● **Action item**
Transcribe the whole listing below without changing a word, but leave out every image.

● **Data**
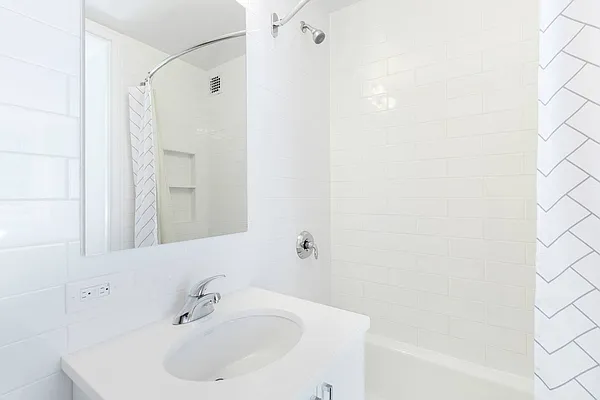 Rented by Greystar | media 4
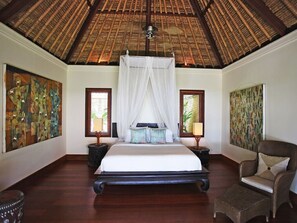 Caja de seguridad en la habitación, escritorio y wifi gratis 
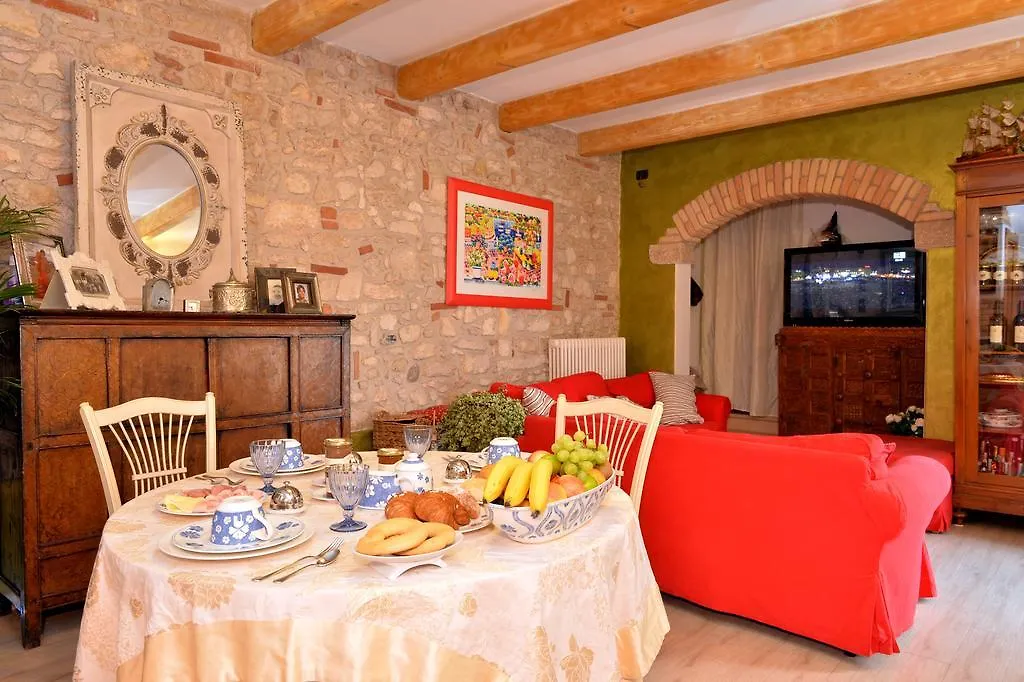 B&B Corte Giare SantʼAmbrogio di Valpolicella Bed and Breakfast
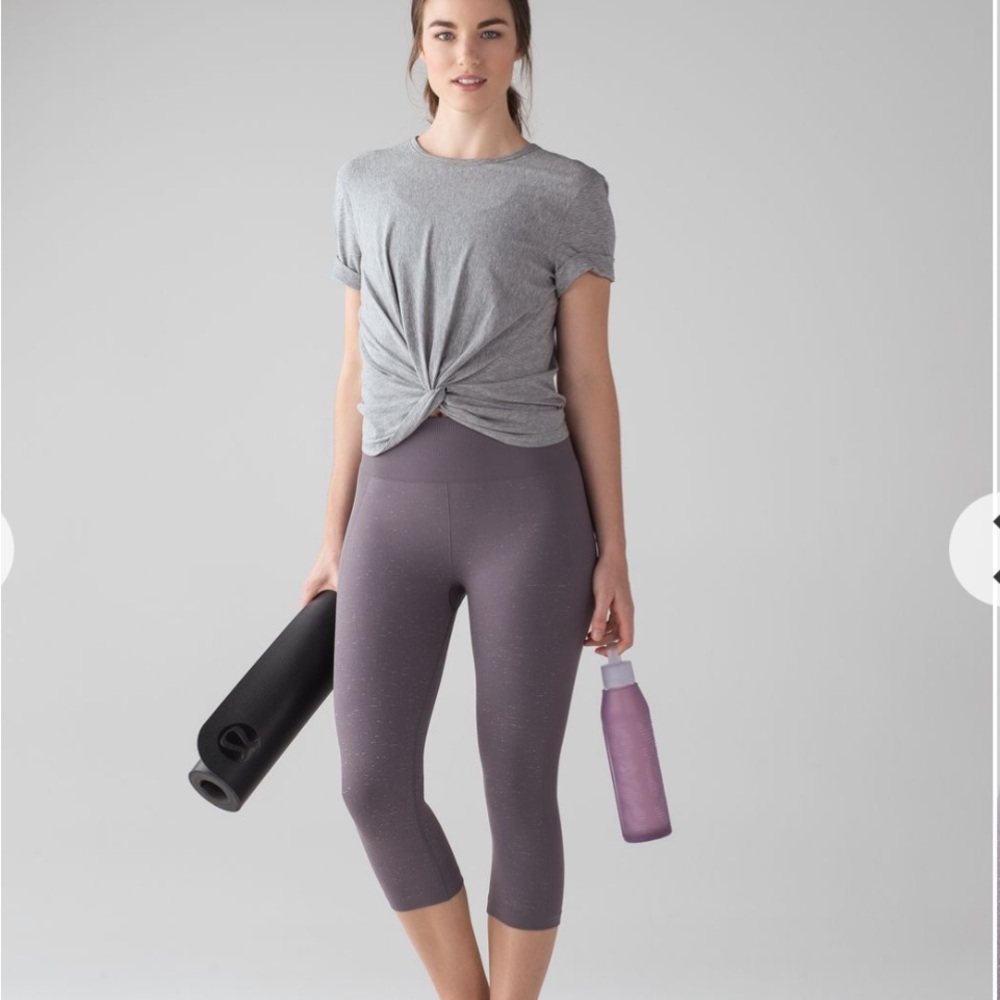 Lululemon Free To Flow Crop 17” Magnum/White size 6 - Picture 1 of 15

● **Output of the exercise**
 Rented by Greystar | media 4
 Caja de seguridad en la habitación, escritorio y wifi gratis 
 B&B Corte Giare SantʼAmbrogio di Valpolicella Bed and Breakfast
 Lululemon Free To Flow Crop 17” Magnum/White size 6 - Picture 1 of 15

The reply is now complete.